I sent the following letter to HW to clairify my response to a question he asked me in Vienna about lengths of proofs. I’m posting it here in case others are interested.

I want to expand on my answer to your question about how much longer proofs are in Coq vs paper proof, and if there is an exponential blow up. I said that there appears to be only a constant multiplicative factor increase in size. This size refers to the size of the input file provided to Coq. This input file is a high level language that is interpreted as a λ-expression that represents is the proof term. This process is subject to an exponential blow up. For example the user could issue the command, “the current goal is a tautology”, and this could create a large λ-expression representing the proof of the tautology. In fact there could be more than an exponential blow up because the high level commands could run arbitrary ML programs to generate arbitrarily large λ-expressions.

But in practice these problems are solved in a different manner because Coq (and most dependent type theories) supports so-called proofs by reflection. Coq has functions, and many decision procedures can be implemented as a Coq λ-expression. Then, because the function is internal, this decision procedure can be proved sound. Thus the λ-expression (proof) of problems solved by the decision procedure consists of the statement of the problem + the implementation of the decision procedure + the proof of soundness of the decision procedure. The last two expressions are of constant size, so the λ-expression (proof) is on order of the size of the problem. During type checking (proof verification) the decision procedure is evaluated and returns true (if the expression is well typed). By the soundness theorem the proof is sound.

Because type checking (proof verification) can execute arbitrary Coq functions, the time to type check (proof verification) is not linear in the size of the λ-expression. This is where the exponential blow up that you are probably expecting is hidden. This blow up is potentially larger than exponential because Coq has very fast growing functions, but not as fast as recursive functions can grow because Coq cannot not evaluate all the recursive functions (assuming the consistency of Coq). The tautology procedure could also be implemented as a decision procedure this way, but presumably isn’t because the tautologies that arise in practice end up having smaller proofs if they are shown directly.

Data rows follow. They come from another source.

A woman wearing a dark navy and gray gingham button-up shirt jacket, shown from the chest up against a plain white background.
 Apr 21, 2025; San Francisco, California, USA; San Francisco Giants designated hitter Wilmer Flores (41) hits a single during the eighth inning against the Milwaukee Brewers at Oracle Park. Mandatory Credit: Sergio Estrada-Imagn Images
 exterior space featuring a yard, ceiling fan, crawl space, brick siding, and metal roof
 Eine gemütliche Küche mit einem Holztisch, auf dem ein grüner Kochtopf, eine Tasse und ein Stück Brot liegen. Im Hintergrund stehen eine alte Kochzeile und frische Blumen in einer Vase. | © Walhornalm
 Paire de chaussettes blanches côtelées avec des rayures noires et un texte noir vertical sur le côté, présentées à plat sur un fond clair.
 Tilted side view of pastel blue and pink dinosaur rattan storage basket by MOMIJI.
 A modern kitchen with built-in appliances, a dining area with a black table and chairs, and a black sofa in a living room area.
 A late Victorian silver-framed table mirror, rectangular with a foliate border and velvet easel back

This blow up doesn’t seem to be a problem in practice because the problems solved by decision procedures in paper proofs are so simple that they are solved quickly by these super exponential decision procedures. This is presumably because if the steps were too big, humans wouldn’t be able to follow them. Of course, the decision procedures can take a while for the lemmas found in non-paper proofs, such as the four colour theorem. But the ability for proof assistants to accept these proofs in a reasonable amount of time (a few hours, or a few days) is one of the big advantages of proof assistants over paper proofs. So I hope this was clarifying.